Private Limited Company and Limited Liability Partnership are two different business structures governed by different legislation. Both entities offer many similar features, while there are also many differences. In this article, we will compare Pvt Ltd vs LLP from the viewpoint of an Entrepreneur starting a new business.
What is the meaning of Pvt Ltd and LLP?
A Private Limited Company is a company that is held privately, typically for small businesses. The shareholders of a Private Limited Company are only liable up to the number of shares they own. The shares of a Private Limited Company cannot be publicly traded.
An LLP, or Limited Liability Partnership, is a business with a minimum of two members and no maximum limit on the number of members. The liability of the members in an LLP is limited.

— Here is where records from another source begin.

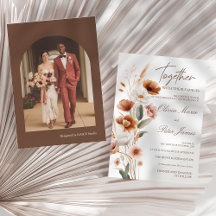 Earthy Terracotta Boho Watercolor Wedding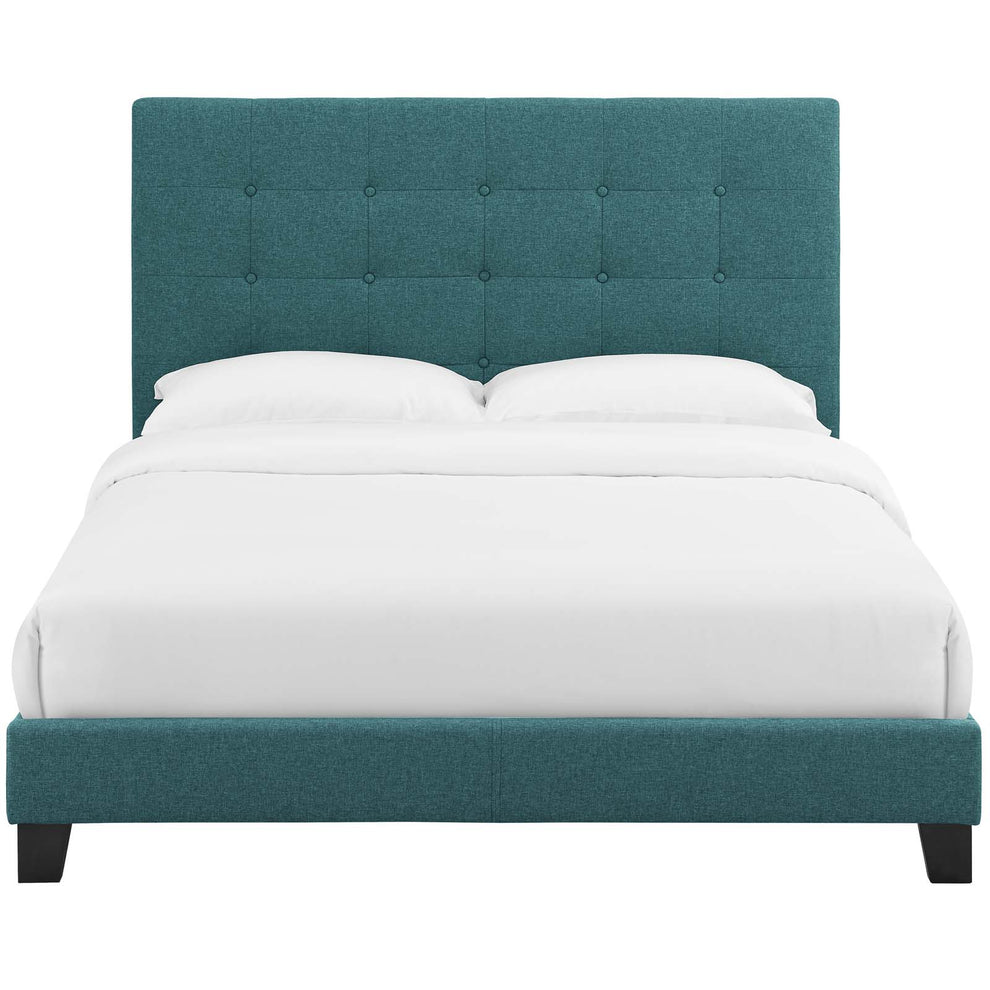 Modway Melanie Twin Tufted Button Upholstered Fabric Platform Bed - MOD-5877 | Beds | Modishstore - 16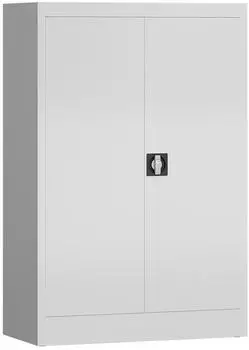 Steelboxx ClassiX Metall-Mehrzweckschrank 2 T&uuml;ren 120x80x38cm RAL 9003 Signalwei&szlig; (ClassiX)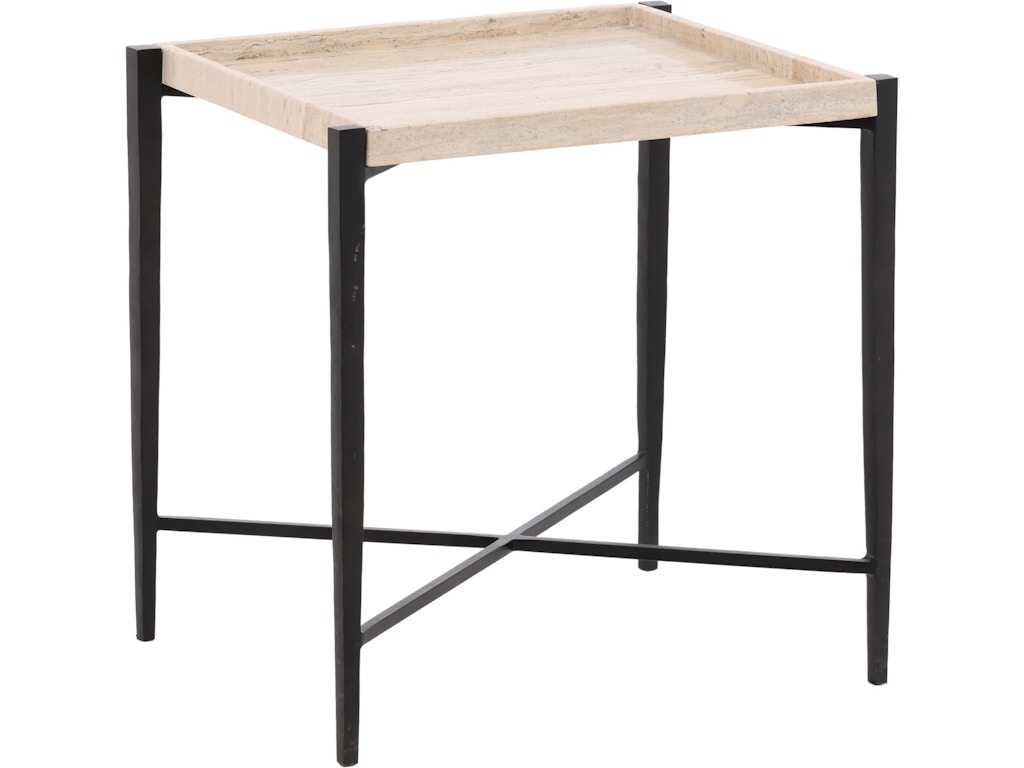 Dovetail Furniture Rice Side Table DOV40026-BRCR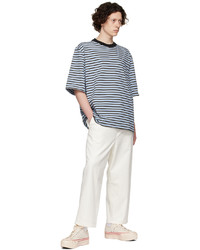 Camiel Fortgens Off White Cotton Trousers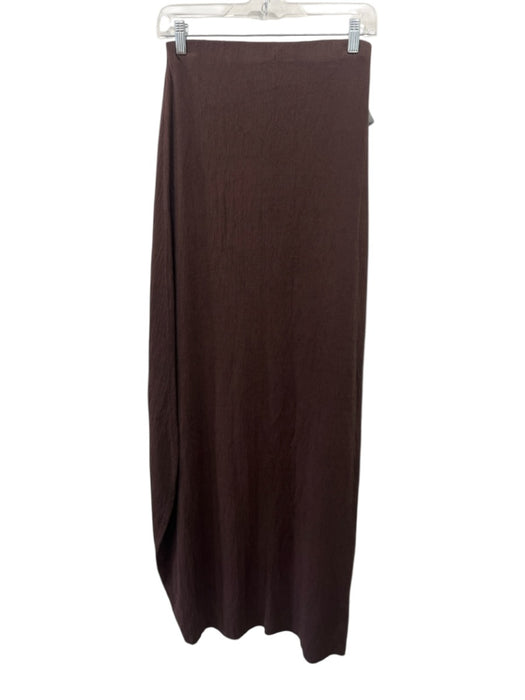 Dissh Size XS Brown Viscose Blend Crinkle Maxi Skirt Brown / XS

Comparison between LLP vs Private Limited Company
There are a few similarities and differences between Limited Liability Partnerships (LLPs) and Private Limited Companies (Pvt. Ltd. Co.). Let’s discuss both here for a better understanding:
An LLP requires a minimum of two members, but there is no limit on the maximum number of members. The liability of the members of an LLP is limited.
Is it possible register Private Limited & LLP in Virtual office
Yes its possible to Register office with Virtual office
As per the Indian Company Law, a company must provide a physical address for registration. Sections 12 of the Indian Companies Act, 2013 lay it down clearly as follows:
12. (1) A company shall, [within thirty days of its incorporation] and at all times thereafter, have a registered office capable of receiving and acknowledging all communications and notices as may be addressed to it.
(2) The company shall furnish to the Registrar verification of its registered office within a period of thirty days of its incorporation in such manner as may be prescribed.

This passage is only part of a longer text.